Support batch_size>1 in native MHA decoder, incl. true sub-64 (head_dim>mlen) by booth-algo · Pull Request #55 · AICrossSim/PLENA_Compiler

booth-algo · 2026-06-01T22:05:18Z

Summary

Adds batch_size>1 to the native non-packed MHA decoder, including true sub-64
(mlen 16/32 < head_dim 64) multi-batch — both previously raised NotImplementedError.

Decoder (`_emit_attention_block`)

Rather than re-implement a per-batch loop in the decoder (which NaN-ed under
hand-written column-block-major slab slicing), span the per-head Q/K/V/O across all
batches and delegate to _flash_attention_mha's own batch loop. Also make the
batch>1 output comparison truthful: the compact golden holds only the active rows
(batch*seq), which are rpb-strided in VRAM, so emit num_batches=active and carry
rows_per_batch/active_seq_per_batch for the verifier (paired with PLENA_Tools).

Kernel (`_flash_attention_mha`)

The per-batch Q/O views truncated physical_shape, valid only for a single head_dim
col-block. Tensors are column-block-major (col-block stride = R*mlen), so for
head_dim>mlen a batch's rows span head_dim/mlen col-blocks. Fix: preserve the full
physical_shape and set q_batch_stride = q_rows_per_batch*mlen (this coincides with
the old *physical_shape[1] at head_dim==mlen, so that path is byte-identical).
o_batch_stride = seq_len*mlen is kept (matches the decoder's O_h read).
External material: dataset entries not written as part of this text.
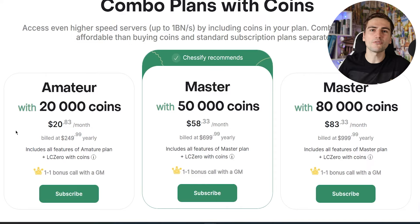Unlike ChessBase, Chessify has a mobile application you can download from the App Store or Google Play. It has pretty much all the functions of the web version. You also have a chess scanner — you can use your phone to scan a game from a physical board or book and it will appear in the Chessify app instantly. You can feel that Chessify cares about their customers and tries to stay up to date — their website and mobile application look like they belong in 2024.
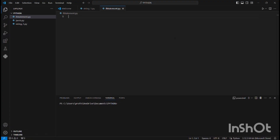Hello everyone. In this tutorial, let us see about the if statement in Python. The if statement runs a particular program when the condition is true. Let me explain in detail.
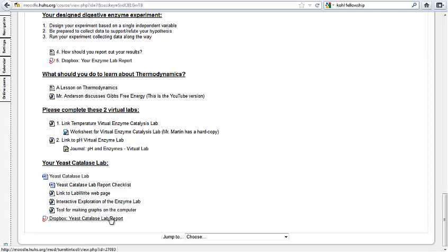And lastly, Dropbox for this is right here. You can turn this in as a group or if you decide to turn it in as an individual because you just don't have the time to work together as a group, you may do that as well.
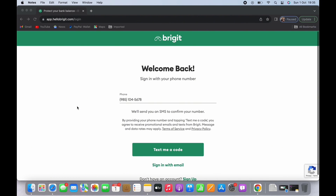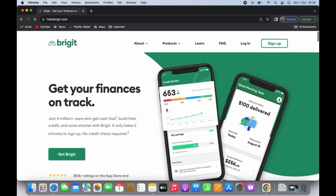Once the verification code has been entered, you will be logged in and taken to the home page of Brigit. On the top right corner of the screen you will see the gear-like icon. Tap on the icon and a drop-down menu will appear. In the list that appears, scroll down and you will see the option for 'Delete my account.' Tap on it.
Remove the
head_dim>mlen guard.

Test plan (numerical, allclose PASS)

batch=2 @64/64/16 seq=4 (head_dim==mlen) = 97.37%, byte-identical ISA vs before
batch=2 @16/16/4 seq=4 (head_dim 64>mlen 16, 4 col-blocks) = 99.07%, no NaN
batch=2 @32/32/4 seq=4 (head_dim 64>mlen 32, 2 col-blocks) = 99.67%, no NaN
batch=1 @64/64/16 seq=4 = 99.96% (no regression)
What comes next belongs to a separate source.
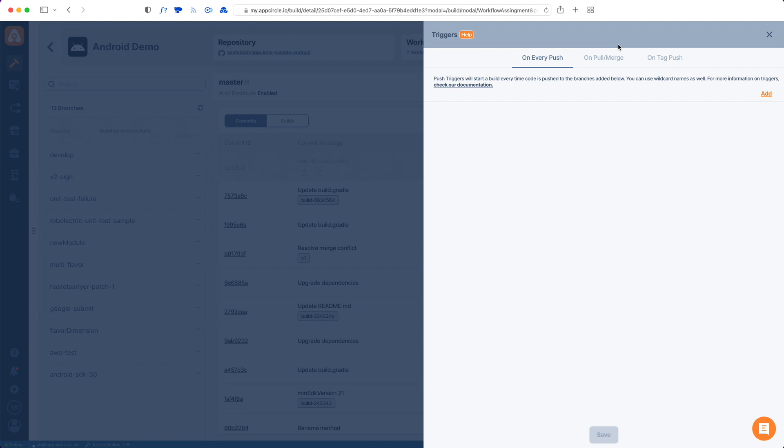One of them is for every time commits are pushed to some branch. You can define which branch you want to be triggered. And the second one is every time a merge request or a pull request is created. And the third one is whenever a tag is being pushed to any branch. So we will have a separate video on triggers in detail explaining every case. So make sure to check that as well.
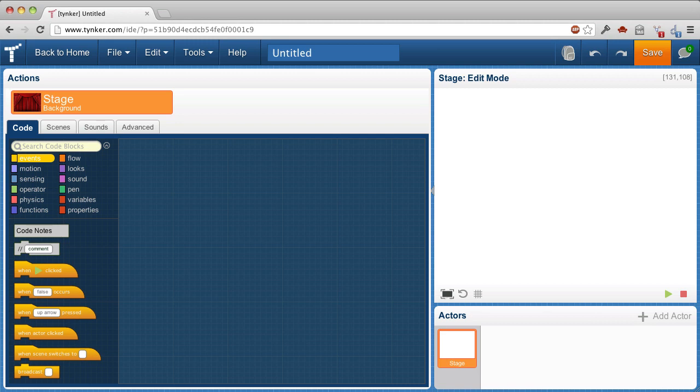And you can clone actors so that you don't have to duplicate actors and have a lot of duplicate scripts. Let's look at how that works.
The non-packed decoder attention previously raised NotImplementedError for batch_size>1. Rather than re-implement a per-batch loop in the decoder (which NaN-ed under hand-written column-block-major slab slicing), span the per-head Q/K/V/O across all batches and let the flash-attention kernel's own batch loop handle it. head_dim<=mlen works now; head_dim>mlen still raises gracefully via the kernel's guard (sub-64 lands separately). Also make the batch>1 output comparison truthful. The compact golden holds only the active rows (batch_size*seq_len), which live rpb-strided in VRAM (batch b at physical row b*rows_per_batch). Set num_batches to the active-row count and carry rows_per_batch/active_seq_per_batch so the verifier extracts the strided active rows instead of comparing all physical (padding) rows. batch=2 @64/64/16 seq=4: 97.37% allclose PASS (previously a 29% false-negative); batch=1 unchanged at 99.96%.
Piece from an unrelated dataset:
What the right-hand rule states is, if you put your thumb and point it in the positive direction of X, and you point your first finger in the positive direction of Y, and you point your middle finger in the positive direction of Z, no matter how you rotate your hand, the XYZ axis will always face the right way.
The non-packed flash-attention kernel guarded head_dim > mlen with batch_size > 1 because the per-batch Q/O views truncated physical_shape to one batch, which is only valid for a single head_dim col-block. Tensors are column-block-major (col-block cb at cb*R*mlen, row r at r*mlen), so for head_dim > mlen a batch's rows are interleaved across head_dim/mlen col-blocks and the truncated views mis-strided every col-block past the first. Fix: preserve the full physical_shape in Q_batch/O_batch so the col-block stride stays R*mlen, and set the per-batch Q base offset to q_rows_per_batch*mlen (the flat distance to batch b's first row within col-block 0) instead of q_rows_per_batch*physical_shape[1] (which over-skips by head_dim/mlen col-blocks). The two expressions coincide at head_dim == mlen, so the existing head_dim <= mlen batched path is unchanged. o_batch_stride (seq_len*mlen) already matched the decoder's O_h read and is kept. Verified: 16/16/4 batch=2 seq=4 (head_dim 64 > mlen 16, 4 col-blocks) = 99.07% allclose PASS, no NaN -- previously raised NotImplementedError. 64/64/16 batch=2 regression = 97.37%, byte-identical to before (no-op at head_dim == mlen). batch=1 unaffected (single-batch fast path).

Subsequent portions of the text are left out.